If previously processed data is incorrect and needs to be reprocessed, all that is required is for the partitions (days) including data requiring re-processing to be deleted. The backfill will then run automatically to reprocess the missing dates. If a large number of days need to be reprocessed, the cron schedule of the workflow in Dataform can be adjusted to that it runs more frequently and so that more days are processed in a set time.

More information on how these tables are generated can be read on the GOV.UK GA4 BigQuery data processing page, and the queries used can be viewed in Github.

Pogo-sticking dashboard

The data for the pogo-sticking dashboard relies on the flattened GOV.UK GA4 data arriving on time. If this is late, then it will need to be backfilled. Only steps 8, 9 and 10 need to be backfilled for the dashboard to function.

The process for backfilling the data for this dashboard is as follows:

  • First, delete the affected empty tables from steps 8, 9 and 10 in the gds-bq-data.GA4_PogoSticking dataset
  • Run the below queries (changing to the correct date at the beginning) and save the results with the correct table names to their corresponding tables in the aforementioned dataset. For example, if you were backfilling the data for step 9 for the 2nd of September 2024, you would run the backfill query and save the results to the ‘gds-bq-data’ project, the ‘GA4_PogoSticking’ dataset, and your table name would be ‘PogoStickStepNine_20240902’

GA4 flattened backfill process - replacing incorrectly processed data

This section outlines the process which we (the GOV.UK Insights and Analytics team) will follow in order to backfill our flattened GA4 production data.
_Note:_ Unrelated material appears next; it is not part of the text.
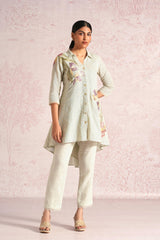 Painted Petals Ice Cream Cone Co-ord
We are fully backfilling the data as opposed to selectively backfilling specific fields. This is following a comprehensive investigation into the feasibility and pros and cons of selectively backfilling only specific fields in the data. The investigation determined that there were more arguments in favour of completely reprocessing days containing incorrect data - the principal reasons being lower cost and reduced complexity.

The process itself

  • Delete the required data from the flattened partitioned table as required, in 60 day chunks. For example, using DML as below:
DELETE FROM `ga4-analytics-352613.flattened_dataset.partitioned_flattened_events`
WHERE event_date BETWEEN "2023-01-01" and "2023-03-02"
  • Set the scheduled frequency for the flattening Dataform pipeline to execute five times per hour. This can be done with the following custom schedule to run the pipeline on the hour, and at 15, 30, 45 and 50 minutes past, every hour: 0,15,30,40,50 * * * *

  • Run the below query to check that the data has been reprocessed, and that the row counts look correct for each day. If the dates have not been reprocessed, or the counts look incorrect, investigate before proceeding. The table this query checks against is a precalculated count of events per day in the flattened data. We would want to ensure the reprocessed counts are the same.
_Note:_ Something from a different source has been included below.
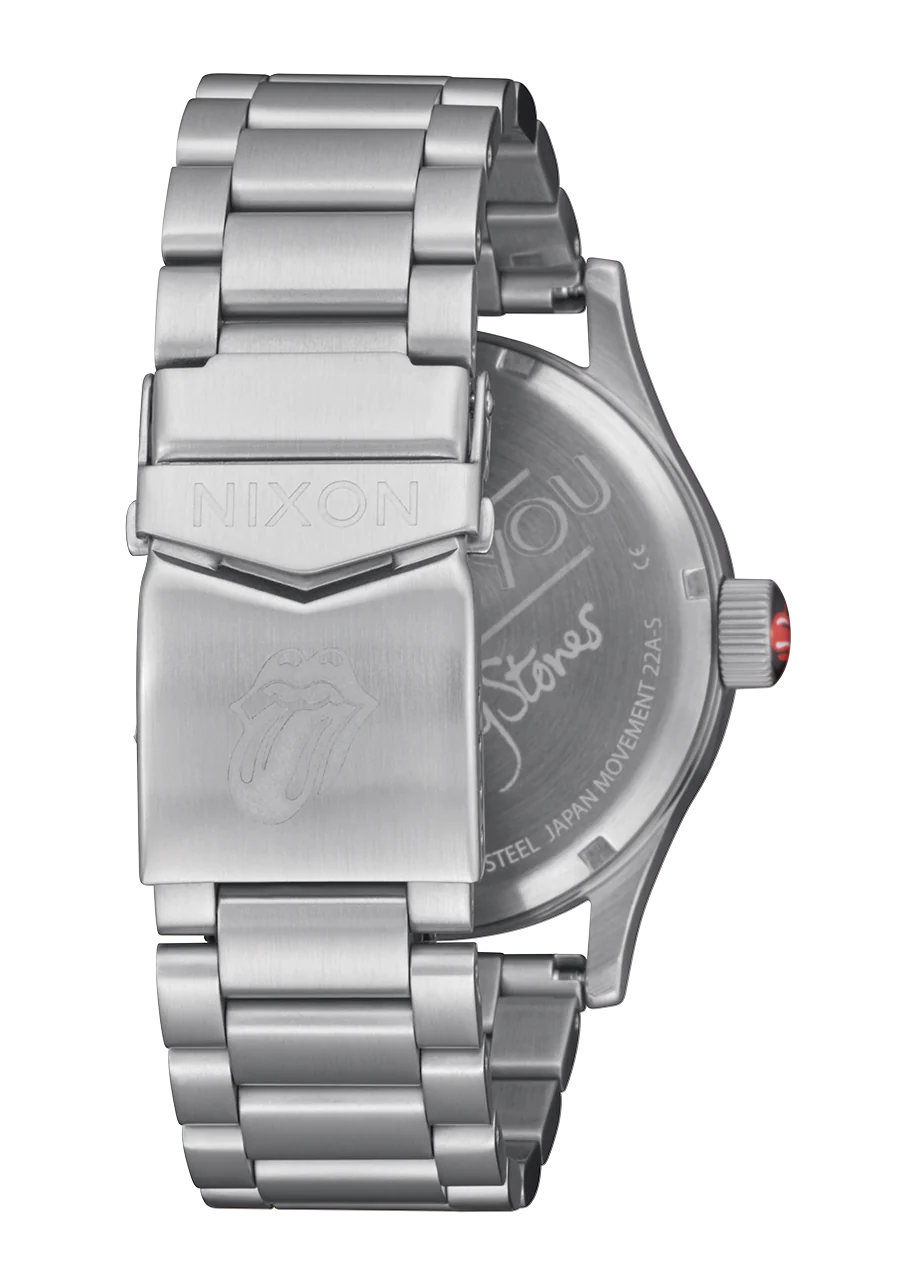 Rolling Stones Sentry Stainless Steel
DECLARE backfill_start_date_check DATE DEFAULT '2023-01-01';
DECLARE backfill_end_date_check DATE DEFAULT '2024-03-02';

with cte_1 as (

SELECT event_date, count(*) as event_count from `ga4-analytics-352613.flattened_dataset.partitioned_flattened_events`
where event_date BETWEEN backfill_start_date_check AND backfill_end_date_check GROUP BY 1)

SELECT a.event_date, 
b.event_date as backfilled_date, 
a.event_count, 
b.event_count as backfilled_event_count, 
CASE WHEN a.event_date = b.event_date AND a.event_count = b.event_count 
THEN "Success!" ELSE "Error" 
END AS match_check
FROM `gds-bq-reporting.ga4_data_checks.flat_dates_event_counts` a 
JOIN cte_1 b on a.event_date = b.event_date 
WHERE a.event_date = b.event_date
ORDER BY a.event_date
  • Make a note of the latest dates to be reprocessed according to a progress tracker spreadsheet and continue the process

  • Once all backfilling has been completed, revert the flattening Dataform pipeline’s schedule back to the custom Cron schedule of: 0 8,9,10,11,12,14 * * *

This page was last reviewed on 11 April 2025. It needs to be reviewed again on 11 October 2025 .